O recurso à Net em detrimento dos livros tem lugar logo no 2º ou 3º ciclos de ensino e não será alheio aos fracos hábitos de leitura nos suportes tradicionais.
«Apesar de não gostar muito de ler, ainda consulto livros e Net por igual mas vejo, pelos meus colegas, que isso já não é muito comum. Acho que, daqui para a frente, as pessoas cada vez vão recorrer menos aos livros, pois na Internet é mais rápido encontrarmos o que procuramos», declarou José Paulo Justino, de 12 anos.
«Apesar disto, nos livros os assuntos são tratados com maior profundidade e eu acredito mais no que leio nos livros do que naquilo que vejo na Internet», afirmou este aluno da Escola Básica 2/3 Professor José Buísel, em Portimão.

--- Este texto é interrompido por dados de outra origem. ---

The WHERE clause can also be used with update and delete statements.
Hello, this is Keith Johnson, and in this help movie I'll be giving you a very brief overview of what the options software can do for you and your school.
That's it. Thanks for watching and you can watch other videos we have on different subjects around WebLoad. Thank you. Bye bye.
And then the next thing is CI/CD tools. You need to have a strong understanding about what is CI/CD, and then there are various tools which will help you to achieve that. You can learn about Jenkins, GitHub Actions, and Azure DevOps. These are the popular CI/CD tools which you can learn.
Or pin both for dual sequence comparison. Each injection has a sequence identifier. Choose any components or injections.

Um ano mais velha, Ana Rita Inácio, da Escola Básica 2/3 Engenheiro Nuno Mergulhão, também em Portimão, recorre «sobretudo à Internet», para pesquisar para os trabalhos da escola, mas ainda consulta «alguns livros».
«A maioria dos meus colegas vai buscar material quase só à Internet mas penso que os livros têm mais informação e mais correcta. Acho que nunca deixarei de consultar livros, talvez também porque gosto muito de ler, mesmo fora da escola, enquanto os meus colegas preferem a tecnologia», explicou Ana Rita Inácio.
A professora Rosário Antunes acredita que «a cultura livresca está a perder-se, o que está relacionado também com a falta de familiaridade de muitos estudantes com os livros nas suas próprias casas».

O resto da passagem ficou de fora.